Indeed, Arnold believes that ‘religion’ is only one of the many ‘voices of human experience’, so it is a sub-division of ‘culture’. Only when it is combined with the arts and sciences is the entity ‘culture’ created. At some stages in Culture and Anarchy, ‘culture’ and ‘religion’ appear to be equally rated by Arnold, but even then an underlying argument can be found for the supremacy of ‘culture’.

For example, Arnold calls religion ‘the greatest and most important of the efforts by which the human race has manifested its impulse to perfect itself’. So, at first impressions, it would appear that ‘religion’ has primacy over ‘culture’. However, as has already been noted, the desire to perfect ourselves is one of the most crucial element of ‘culture’, according to Arnold.

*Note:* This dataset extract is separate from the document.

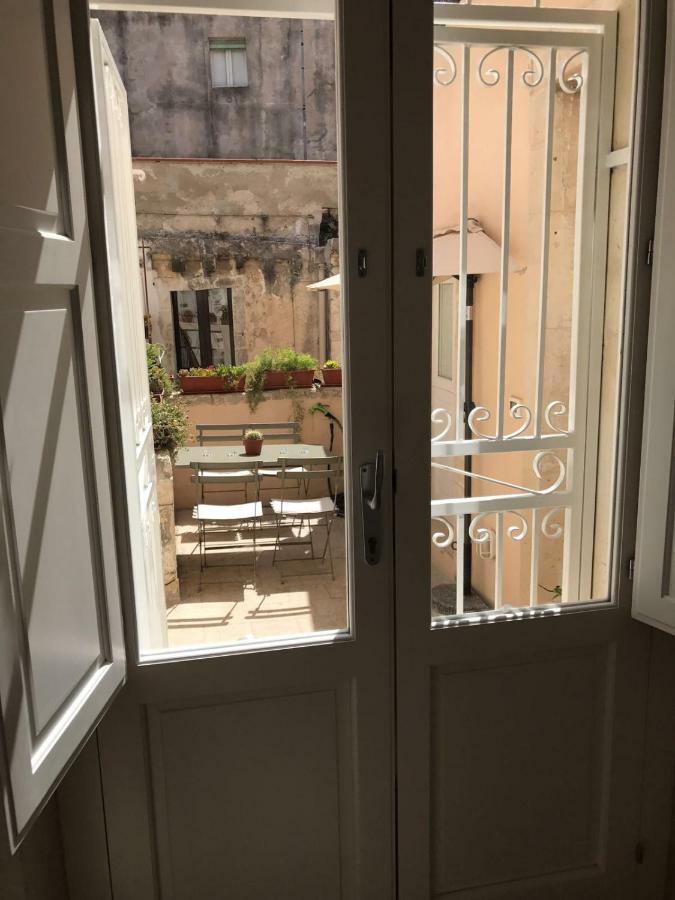 La Casetta Di Ortigia Syrakus Exterior foto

Therefore, this quote can be de-constructed to ‘religion is merely a manifestation of our inner desire for culture’, rather than being its spiritual better.

Arnold does say that religious organisations have worked on a greater scale for mankind’s benefit than poetry, another ‘voice of human experience’, and a kindred spirit of ‘culture’, I have called religion a yet more important manifestation of human nature than poetry, because it has worked on a broader scale for perfection, and with greater masses of men. However, if the past belongs to ‘religion’, the future belongs to poetry. Arnold believes that poetry seeks to make ‘sweetness and light…characters of perfection’, and if this idealism could be added to ‘the religious idea of a devout energy’ then this would create an uber-culture, capable of transforming and governing sociological changes, including the role of religion in society.

In conclusion, Arnold sees ‘culture’ as an invaluable aid to the find the ideal state of consciousness for mankind, and to achieve this he believes in the endless expansion of our understanding, knowledge, reasoning and morality. However, can this ideal ever be reached if the desire for expansion is endless? Surely it is paradoxical because if Arnold believes in the capability of infinite improvement, then there can be no end. We can always get better, but never be the best. This, however, is still no bad thing, as it means we should never stop progressing and evolving.